■ Work to complete ■
When you reach the line containing "One important thing", begin copying exactly, and keep going through the last line of the records below, copying nothing before it.
********
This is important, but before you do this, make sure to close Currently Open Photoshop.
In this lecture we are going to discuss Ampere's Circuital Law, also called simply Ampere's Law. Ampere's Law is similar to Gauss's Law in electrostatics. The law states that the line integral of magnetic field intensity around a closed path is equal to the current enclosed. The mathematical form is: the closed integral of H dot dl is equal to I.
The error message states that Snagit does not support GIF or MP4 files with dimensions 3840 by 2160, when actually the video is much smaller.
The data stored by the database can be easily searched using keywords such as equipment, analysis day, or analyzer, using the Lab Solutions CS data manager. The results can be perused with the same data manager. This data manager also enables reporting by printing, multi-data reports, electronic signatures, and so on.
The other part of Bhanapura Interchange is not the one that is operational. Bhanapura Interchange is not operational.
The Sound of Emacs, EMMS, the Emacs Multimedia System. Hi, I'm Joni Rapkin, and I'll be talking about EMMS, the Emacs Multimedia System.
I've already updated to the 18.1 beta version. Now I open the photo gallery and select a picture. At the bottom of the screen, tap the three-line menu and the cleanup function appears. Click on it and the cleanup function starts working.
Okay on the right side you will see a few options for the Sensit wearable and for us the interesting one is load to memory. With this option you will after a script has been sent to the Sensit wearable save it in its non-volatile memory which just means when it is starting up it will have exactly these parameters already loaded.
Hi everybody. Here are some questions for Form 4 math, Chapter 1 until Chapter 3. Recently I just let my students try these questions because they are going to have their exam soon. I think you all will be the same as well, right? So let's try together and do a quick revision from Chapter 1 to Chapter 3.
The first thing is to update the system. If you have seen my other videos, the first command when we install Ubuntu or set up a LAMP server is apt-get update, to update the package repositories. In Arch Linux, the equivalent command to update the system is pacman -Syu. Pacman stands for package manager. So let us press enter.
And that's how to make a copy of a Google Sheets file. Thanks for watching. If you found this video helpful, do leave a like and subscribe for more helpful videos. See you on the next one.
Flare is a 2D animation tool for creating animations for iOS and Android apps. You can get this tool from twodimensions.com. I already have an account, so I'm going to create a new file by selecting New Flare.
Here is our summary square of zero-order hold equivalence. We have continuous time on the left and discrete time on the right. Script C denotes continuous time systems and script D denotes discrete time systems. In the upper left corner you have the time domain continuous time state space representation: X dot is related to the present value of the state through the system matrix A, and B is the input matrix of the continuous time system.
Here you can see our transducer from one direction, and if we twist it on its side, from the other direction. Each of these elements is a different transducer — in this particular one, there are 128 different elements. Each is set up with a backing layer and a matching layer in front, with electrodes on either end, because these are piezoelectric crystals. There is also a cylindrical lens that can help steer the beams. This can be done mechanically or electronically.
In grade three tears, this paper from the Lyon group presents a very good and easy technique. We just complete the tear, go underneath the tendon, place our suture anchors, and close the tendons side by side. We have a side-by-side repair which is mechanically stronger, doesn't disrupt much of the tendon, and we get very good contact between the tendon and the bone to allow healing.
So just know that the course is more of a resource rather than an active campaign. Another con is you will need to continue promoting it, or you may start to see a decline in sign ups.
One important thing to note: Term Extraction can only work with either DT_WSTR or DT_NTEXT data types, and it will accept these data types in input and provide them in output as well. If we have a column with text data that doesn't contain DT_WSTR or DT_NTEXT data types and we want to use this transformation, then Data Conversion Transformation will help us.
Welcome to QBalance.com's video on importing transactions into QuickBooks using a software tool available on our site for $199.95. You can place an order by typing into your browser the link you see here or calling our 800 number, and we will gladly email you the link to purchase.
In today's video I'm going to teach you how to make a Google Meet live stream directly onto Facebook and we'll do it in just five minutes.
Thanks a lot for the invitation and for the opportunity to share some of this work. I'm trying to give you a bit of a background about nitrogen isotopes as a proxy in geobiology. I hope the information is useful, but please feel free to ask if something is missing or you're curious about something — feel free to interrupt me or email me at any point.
********
■ Output for this exercise ■
One important thing to note: Term Extraction can only work with either DT_WSTR or DT_NTEXT data types, and it will accept these data types in input and provide them in output as well. If we have a column with text data that doesn't contain DT_WSTR or DT_NTEXT data types and we want to use this transformation, then Data Conversion Transformation will help us.
Welcome to QBalance.com's video on importing transactions into QuickBooks using a software tool available on our site for $199.95. You can place an order by typing into your browser the link you see here or calling our 800 number, and we will gladly email you the link to purchase.
In today's video I'm going to teach you how to make a Google Meet live stream directly onto Facebook and we'll do it in just five minutes.
Thanks a lot for the invitation and for the opportunity to share some of this work. I'm trying to give you a bit of a background about nitrogen isotopes as a proxy in geobiology. I hope the information is useful, but please feel free to ask if something is missing or you're curious about something — feel free to interrupt me or email me at any point.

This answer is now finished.